Activists have also raised concerns over the hasty manner in which the ECs were issued at the state government level, by classifying data centres as construction projects which allows it to bypass public hearings and a rigorous environmental impact assessment conducted by the Union government. The data centre sites’ proximity to the Kambalakonda wildlife sanctuary warrants reclassification of the project and more scrutiny, they have demanded.
Opposition to the Vizag data centre projects has been growing on social media, as reports from the United States and other parts of the world show groundwater contamination and other forms of environmental damage that make life difficult for residents in surrounding areas.

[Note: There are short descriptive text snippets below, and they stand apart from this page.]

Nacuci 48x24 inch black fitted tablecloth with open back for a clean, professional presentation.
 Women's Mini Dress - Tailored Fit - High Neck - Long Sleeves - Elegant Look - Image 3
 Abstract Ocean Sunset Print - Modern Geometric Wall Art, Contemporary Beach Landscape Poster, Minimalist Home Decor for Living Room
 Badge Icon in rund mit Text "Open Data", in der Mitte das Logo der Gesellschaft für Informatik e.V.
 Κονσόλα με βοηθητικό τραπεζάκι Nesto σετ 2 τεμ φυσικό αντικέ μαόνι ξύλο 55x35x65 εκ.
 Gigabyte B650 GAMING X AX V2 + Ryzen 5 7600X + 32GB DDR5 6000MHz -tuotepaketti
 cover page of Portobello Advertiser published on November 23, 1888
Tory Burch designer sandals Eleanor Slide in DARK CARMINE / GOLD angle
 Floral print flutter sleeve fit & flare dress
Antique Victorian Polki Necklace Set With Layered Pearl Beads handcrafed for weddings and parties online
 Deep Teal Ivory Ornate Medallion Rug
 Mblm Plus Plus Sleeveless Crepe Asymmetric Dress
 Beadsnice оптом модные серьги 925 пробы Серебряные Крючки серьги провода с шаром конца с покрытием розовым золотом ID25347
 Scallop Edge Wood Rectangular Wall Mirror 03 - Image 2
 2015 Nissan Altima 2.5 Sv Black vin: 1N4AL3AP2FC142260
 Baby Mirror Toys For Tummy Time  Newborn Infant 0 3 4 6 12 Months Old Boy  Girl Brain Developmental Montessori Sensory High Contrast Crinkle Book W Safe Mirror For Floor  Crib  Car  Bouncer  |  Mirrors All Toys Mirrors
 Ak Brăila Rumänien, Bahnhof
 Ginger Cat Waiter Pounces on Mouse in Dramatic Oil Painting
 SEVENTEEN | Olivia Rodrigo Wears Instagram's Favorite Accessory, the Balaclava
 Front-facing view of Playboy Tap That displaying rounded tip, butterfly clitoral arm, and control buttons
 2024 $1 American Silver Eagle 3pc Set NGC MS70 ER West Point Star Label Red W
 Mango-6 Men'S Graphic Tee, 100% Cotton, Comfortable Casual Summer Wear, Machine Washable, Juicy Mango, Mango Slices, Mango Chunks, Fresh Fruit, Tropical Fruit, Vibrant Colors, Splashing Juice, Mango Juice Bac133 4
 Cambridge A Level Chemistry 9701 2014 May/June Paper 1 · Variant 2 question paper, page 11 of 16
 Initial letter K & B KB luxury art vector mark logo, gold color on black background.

Lokesh also said that it was important for youngsters opposed to data centres to have a “voice at the table” because it affects their future. He said that Visakhapatnam MP Bharat was having conversations with such youngsters to understand their fears and work on “zoning or anything that needs to be further fine tuned.”
However, in the past two weeks, viral social media posts criticising the data centre projects have faced censorship. Instagram had restricted a story by the Environmental Reporting Collective (ERC)—an international network of journalists—which spoke about the alleged forced displacement of Dalits to accommodate the data centre project.
More recently, Instagram restricted two posts by the civil rights organisation Human Rights Forum (HRF) alleging large-scale hill cutting and deforestation for the data centres “with little transparency, zero public consultation and serious unanswered environmental questions.”
HRF said the Andhra Pradesh police had written to X Corp asking to take down HRF’s posts claiming that they violated Indian law.